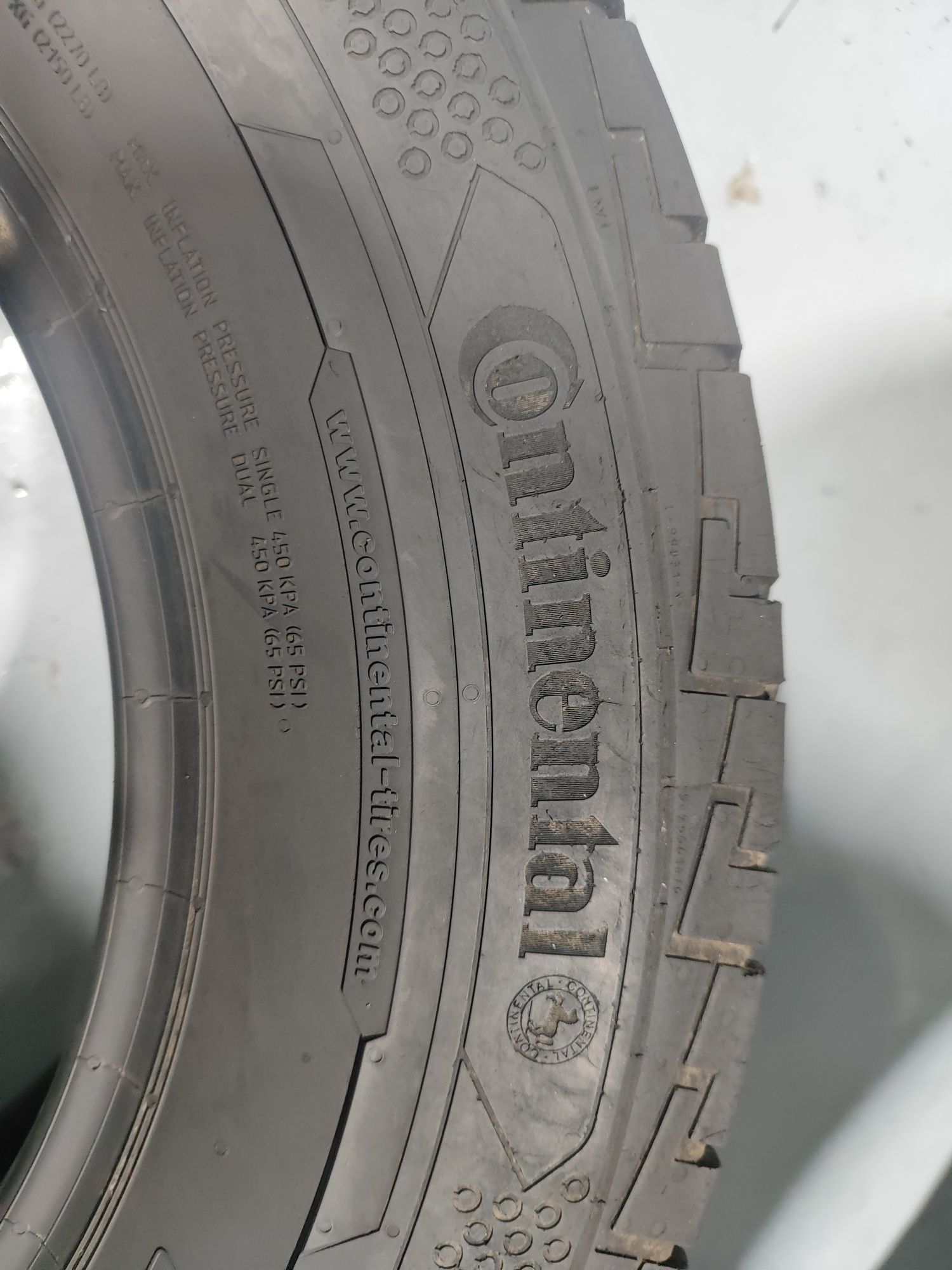 2 pneus semi novos 215-70R15 C - Continental - Oferta dos Portes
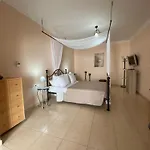 Kasteli Cozy House דירה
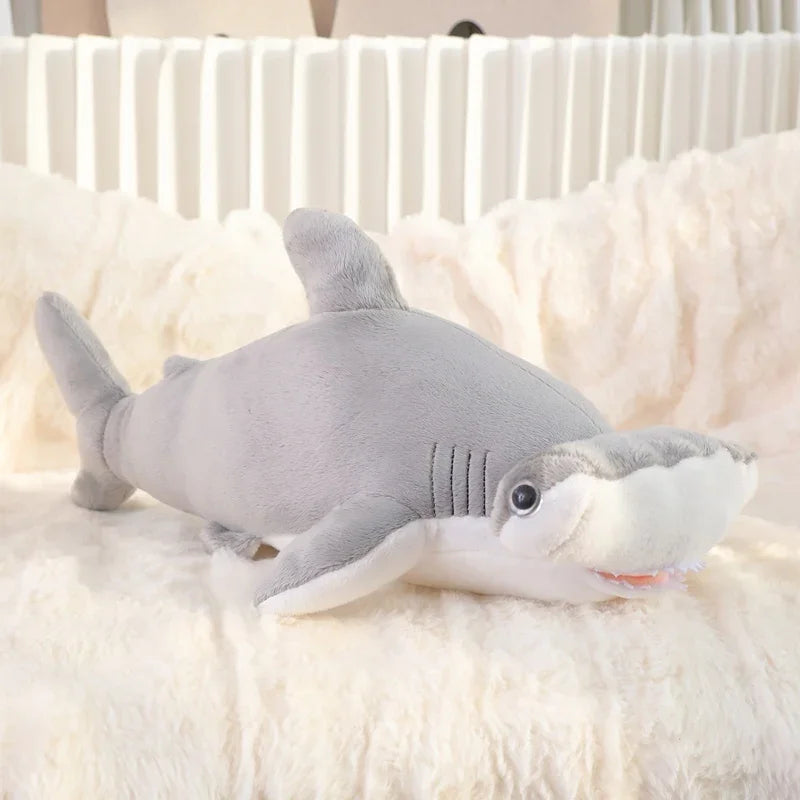 Peluche requin marteau gris sur un canapé coconing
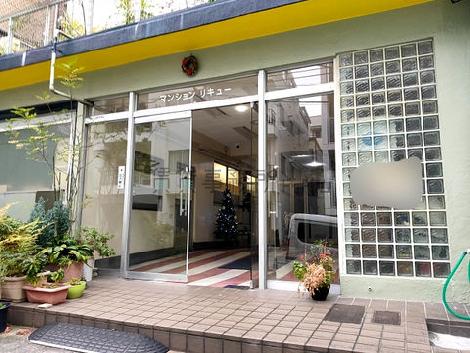 正面玄関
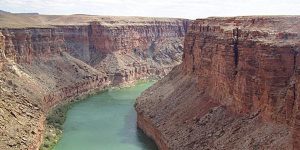 rio colorado nos Estados Unidos e seu processo erosivo formando o grand canyon
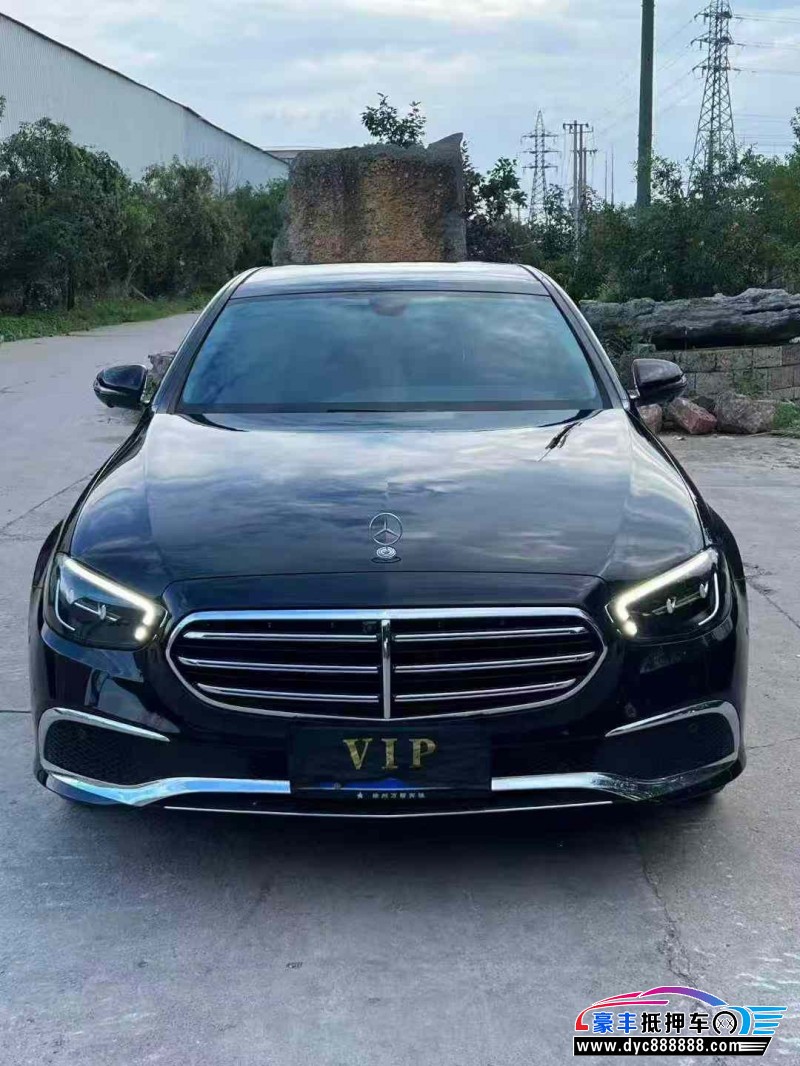 抵押车出售21年奔驰E级轿车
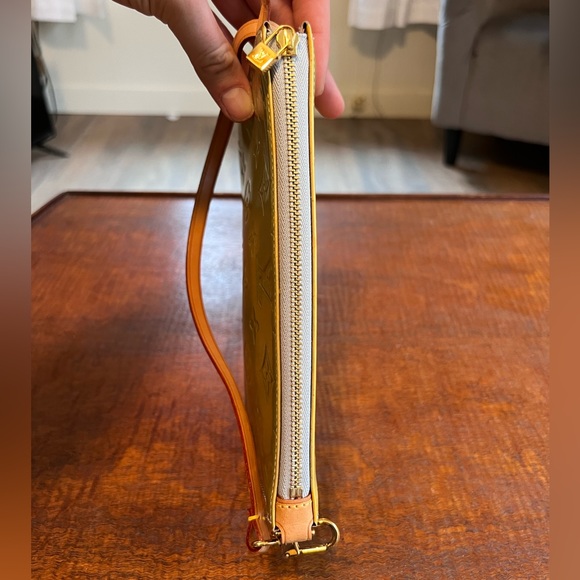 Louis Vuitton Lexington Pochette - Picture 11 of 14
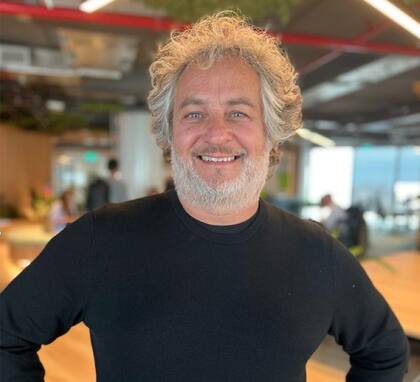 Guibert Englebienne (Globant): "Hay que lograr una visión para encontrar una oportunidad grande que te entusiasme a vos y a otros para formar tu equipo; aprendizaje para que todos los días nos preguntemos de qué otra manera puedo hacer mejor lo que estoy haciendo; ambición para entender a qué más podría aspirar hoy con lo que acabo de lograr ayer. Es decir, tu logro de hoy es función de tu logro de ayer"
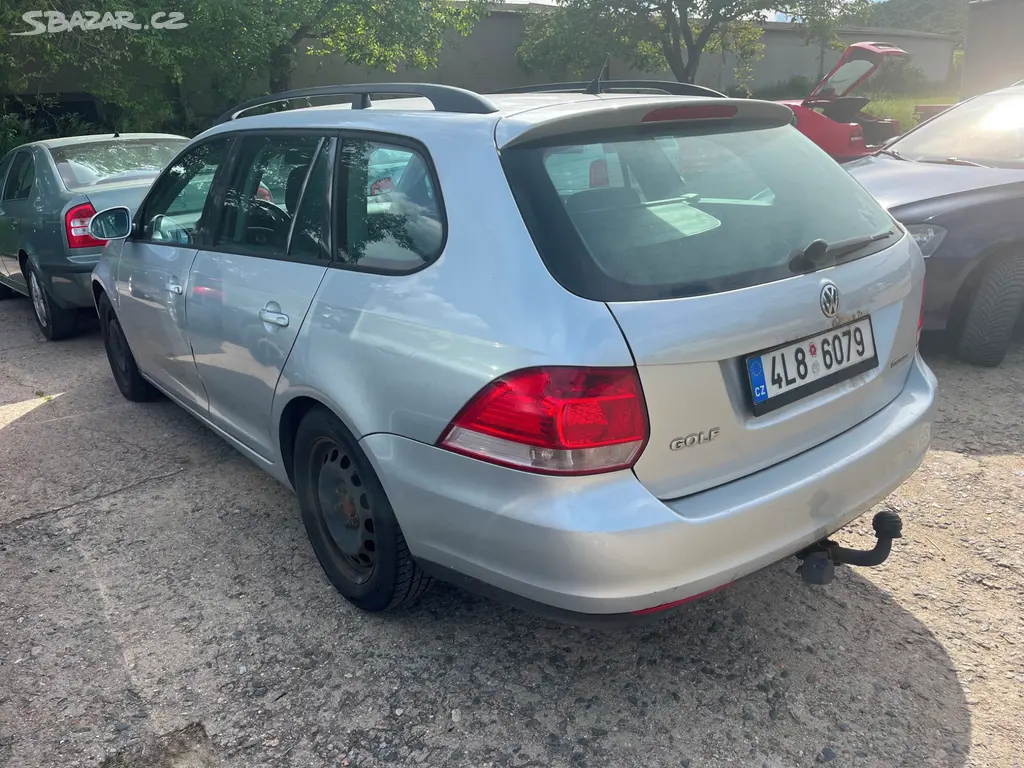 Klimatronic, serviska, el.zrcatka, VW Golf 1.9 TDI - fotka 6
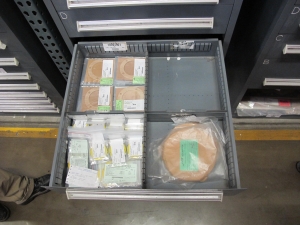 STANLEY VIDMAR HEAVY DUTY 5-DRAWER PARTS CABINET W/ CONTENTS (W-50) LOADING & HANDLING FEE $25-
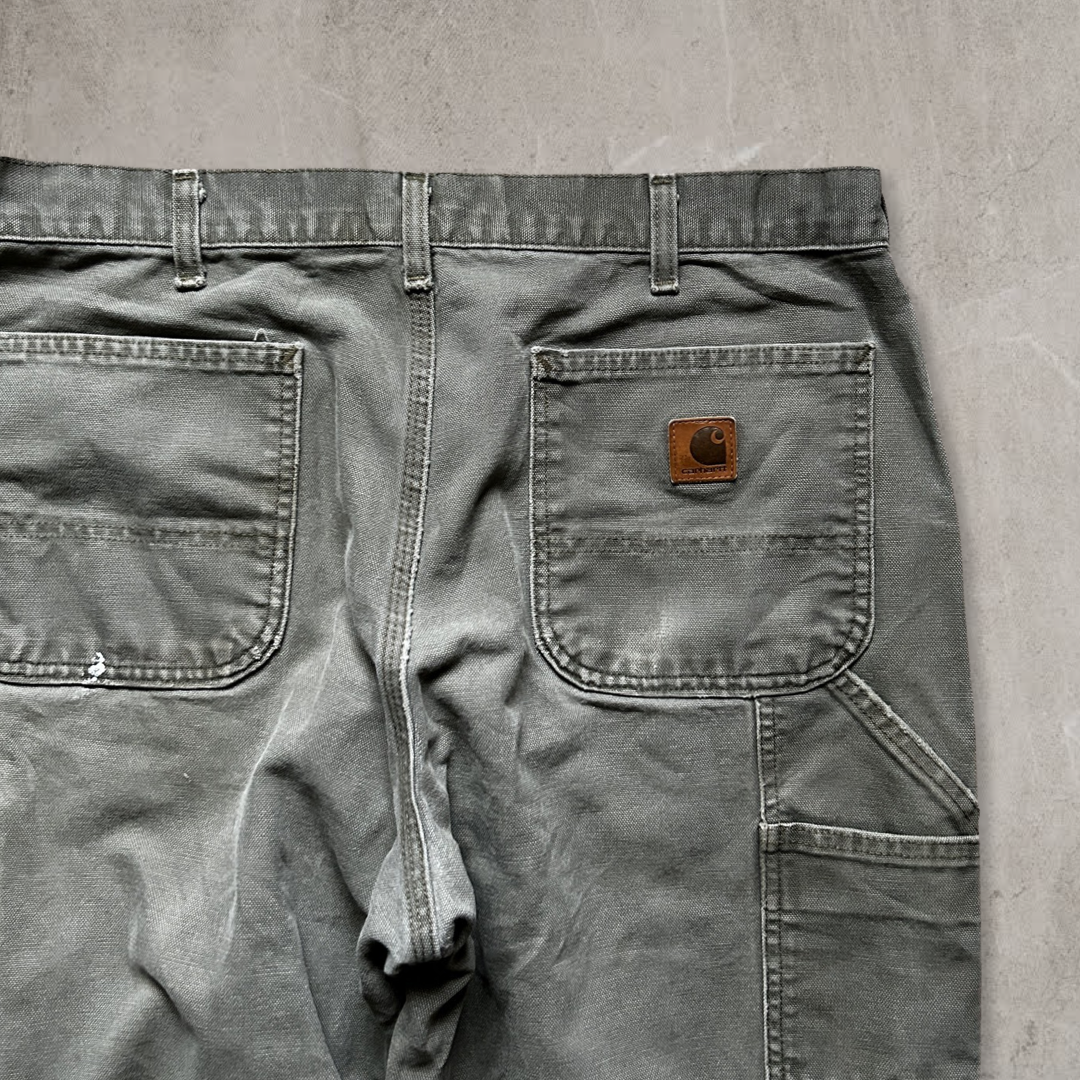 Faded Distressed Moss Green Carhartt Carpenter Pants 2000s (36x30)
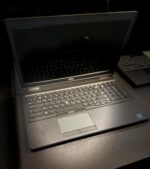 ⁦Dell -Latitude 5590⁩ - الصورة ⁦2⁩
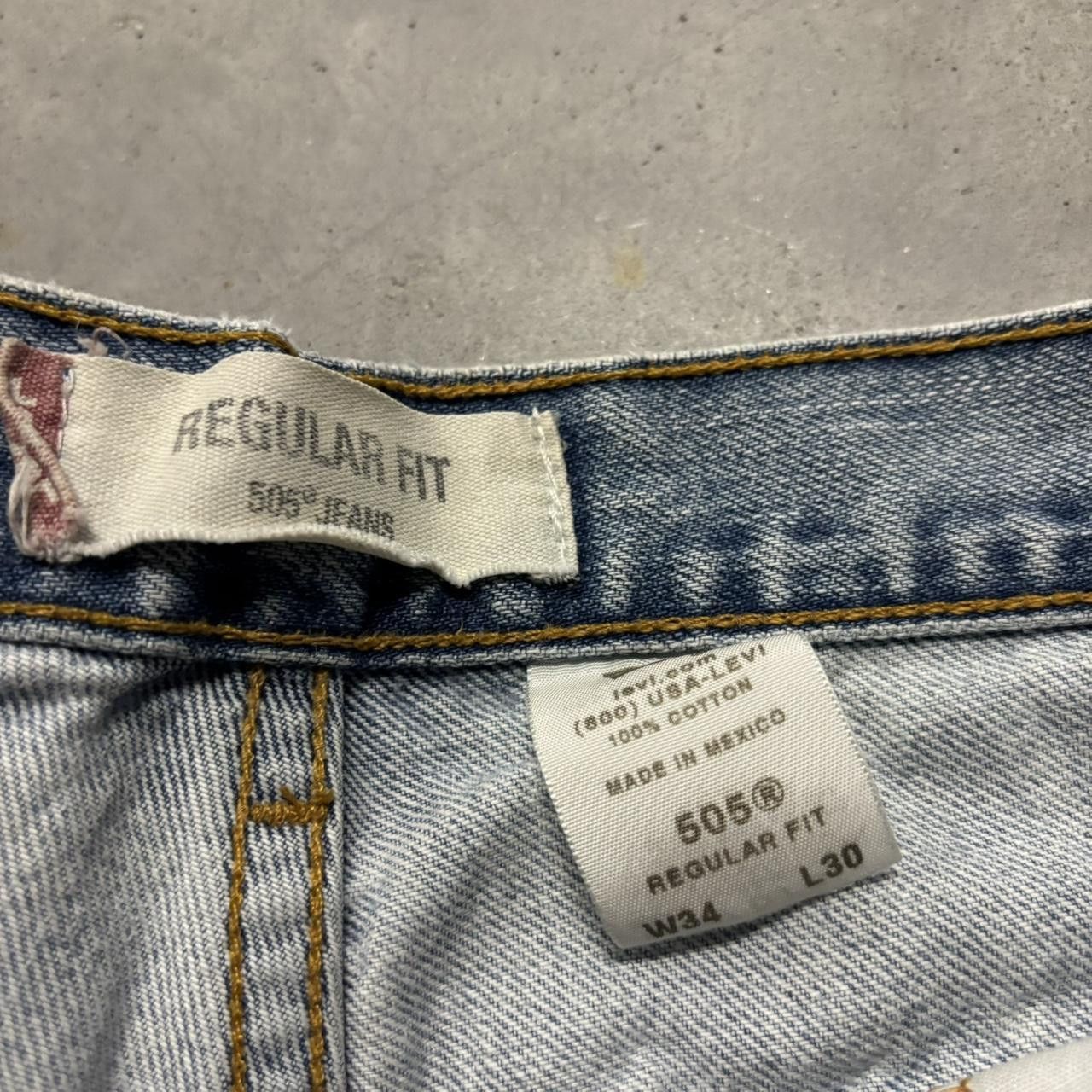 Levi's × Vintage Crazy Vintage Y2K/2000s Levis Light Wash Essential Denim Jeans! Size US 32 / EU 48 - 8 Thumbnail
· · ·
■ What you have to do
Pictures must be left out. Return verbatim only the lines from the line with "Kasteli Cozy House דירה" through the final line of the material above, including both ends.

■ Expected answer
 Kasteli Cozy House דירה
 Peluche requin marteau gris sur un canapé coconing
 正面玄関
 rio colorado nos Estados Unidos e seu processo erosivo formando o grand canyon
 抵押车出售21年奔驰E级轿车
 Louis Vuitton Lexington Pochette - Picture 11 of 14
 Guibert Englebienne (Globant): "Hay que lograr una visión para encontrar una oportunidad grande que te entusiasme a vos y a otros para formar tu equipo; aprendizaje para que todos los días nos preguntemos de qué otra manera puedo hacer mejor lo que estoy haciendo; ambición para entender a qué más podría aspirar hoy con lo que acabo de lograr ayer. Es decir, tu logro de hoy es función de tu logro de ayer"
 Klimatronic, serviska, el.zrcatka, VW Golf 1.9 TDI - fotka 6
 STANLEY VIDMAR HEAVY DUTY 5-DRAWER PARTS CABINET W/ CONTENTS (W-50) LOADING & HANDLING FEE $25-
 Faded Distressed Moss Green Carhartt Carpenter Pants 2000s (36x30)
 ⁦Dell -Latitude 5590⁩ - الصورة ⁦2⁩
 Levi's × Vintage Crazy Vintage Y2K/2000s Levis Light Wash Essential Denim Jeans! Size US 32 / EU 48 - 8 Thumbnail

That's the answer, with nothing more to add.